Mercedes-Benz has been known to offer hybrids. Plug-in hybrids, even – like the current GLC 350e. But while it's offered the B-Class with an all-electric powertrain, it shied away from plug-in hybrid versions of its smallest models. That's all changing, though, with this latest announcement.
As part of the expansion of its new EQ sub-brand, the German automaker has revealed new plug-in hybrid versions of three of its subcompact models: the A-Class sedan (not pictured), A-Class hatchback, and B-Class minivan. And while announced for Europe initially, their launch bodes well for the US market, too.

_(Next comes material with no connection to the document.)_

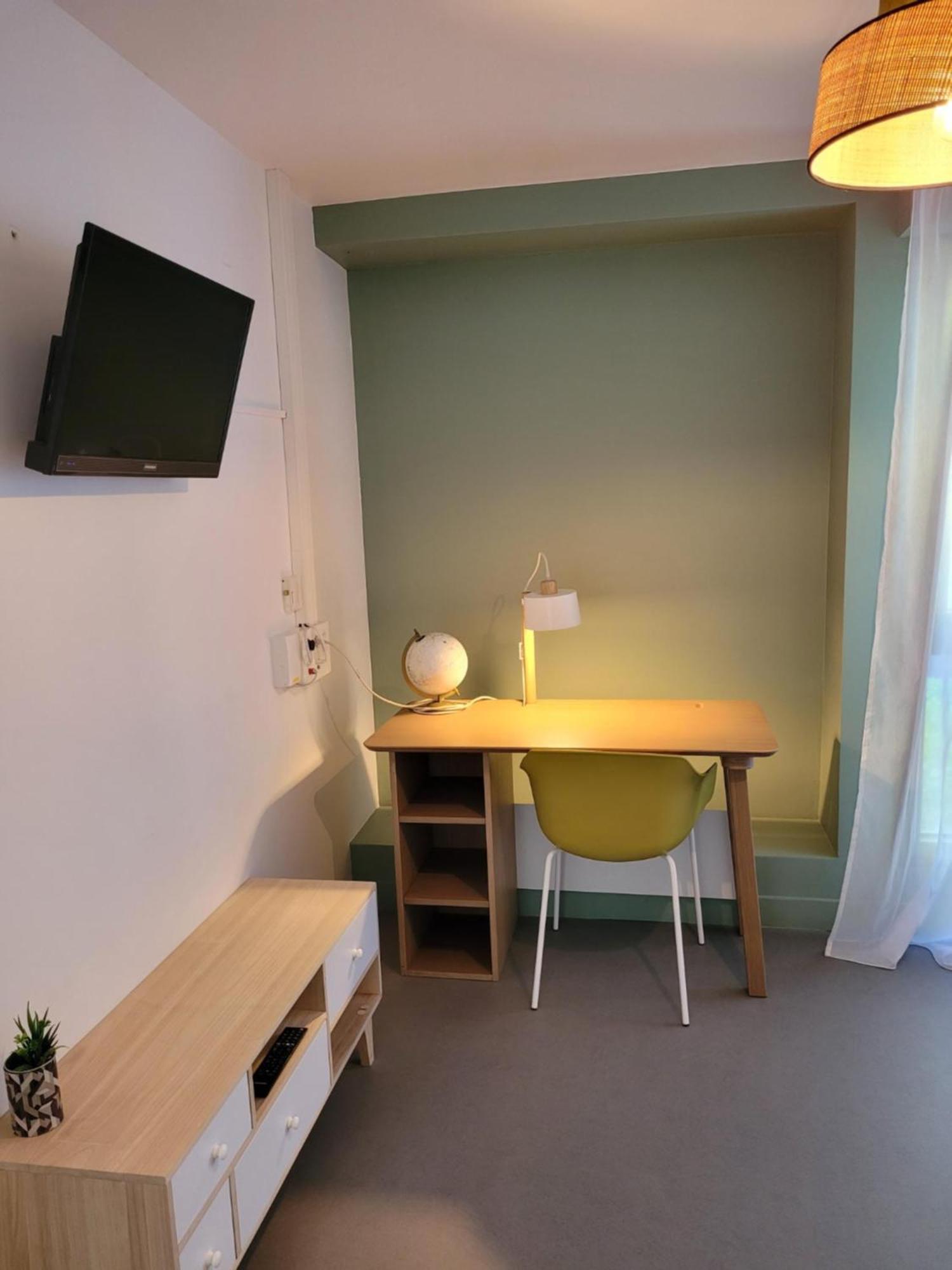 Twenty Business Flats Jouy-En-Josas Aparthotel Εξωτερικό φωτογραφία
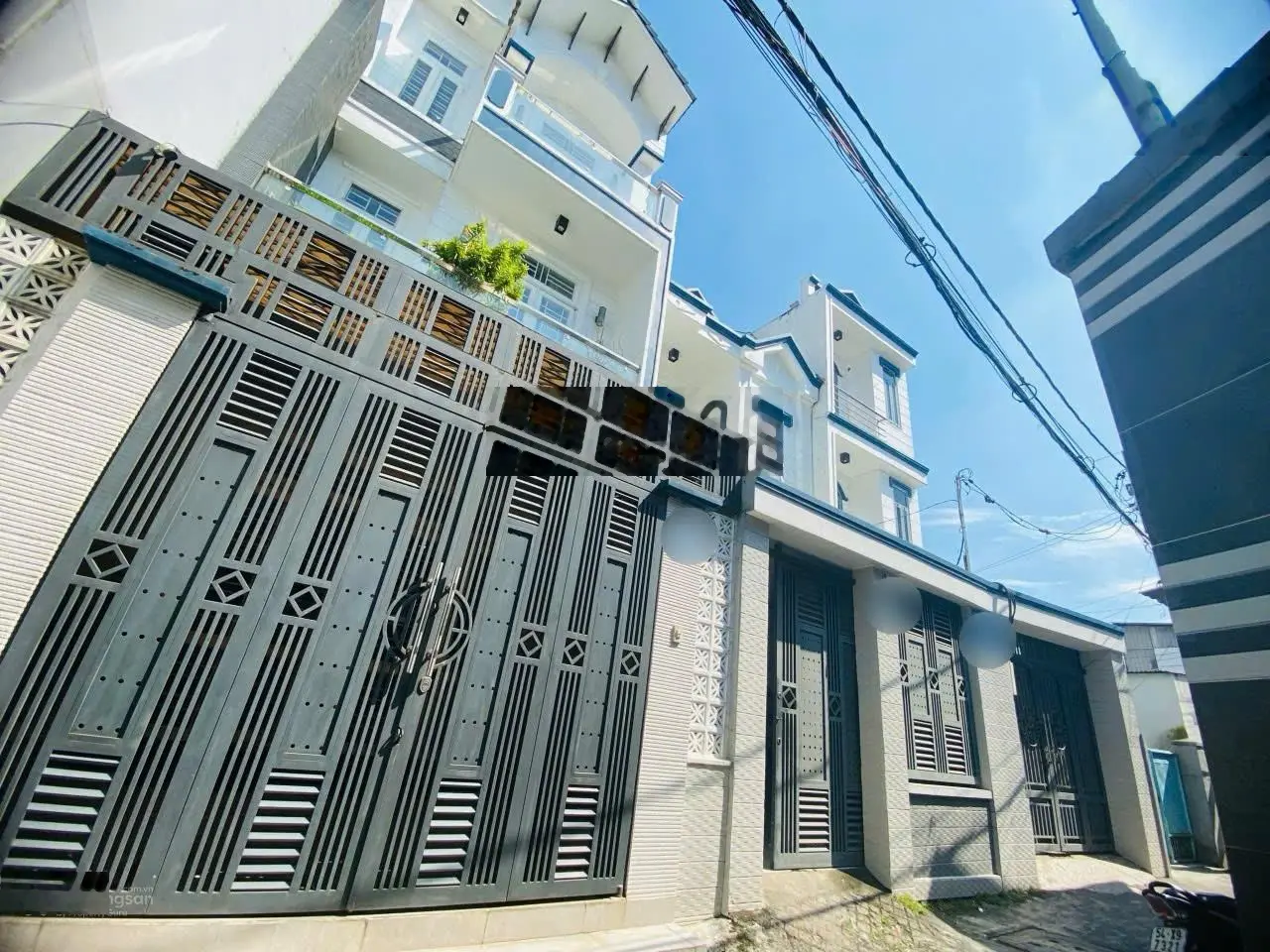 Giảm 1tỷ - bán gấp trong tháng - Nhà 112L gồm 4PN 3WC SHR hoàn công chuẩn DT 51,6m2 chỉ 4tỷ TLCC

The three new PHEVs share the same powertrain, marrying a 1.3-liter inline-four with a 75-kW electric motor, a 15.6-kWh lithium-ion battery pack, and an eight-speed dual-clutch transmission to deliver a combined total of 218 horsepower and 332 lb-ft of torque. That's considerably more than the 188 hp and 221 lb-ft offered in the current A220 currently in US showrooms, and more torque than even the Mercedes-AMG A35. So despite the added weight, the A250e takes just 6.6 seconds to reach 62 mph from a standstill – a fair bit quicker than the A220's 7.1-second 0-60 time, though still a way's behind the A35's 4.6.
By integrating the fuel tank into the axle assembly, putting the battery under the rear seats, and shortening the exhaust pipes, Mercedes has kept the electrical components from intruding too much on cargo capacity. And the torquey powertrain allows the vehicle to tow over 3,500 pounds – so it could, in theory, pull another of itself on a braked trailer.
But none of that, of course, is what hybrid customers look for most. The A250e sedan consumes just 1.4 liters per 100 kilometers, which is nearly five times less than the conventional A220 we get here, which is rated by the EPA at 28 mpg on the combined cycle.
The big question on our mind is whether Mercedes will offer the new subcompact plug-in hybrids here in America – in the form of the A-Class sedan, or the CLA, GLA, or new GLB.
In the meantime, Daimler has opened the order books for the A250e hatchback and sedan in Europe, priced from €36,943.55 and €37,300.55, respectively – only slightly more than the A220 4Matic sedan that starts at €36,271.20 in Germany, or $34,500 in the US. Whether these models make their way to our side of the Atlantic or not, there will be more to come as Mercedes works to introduce 20 plug-in electrified vehicles by next year.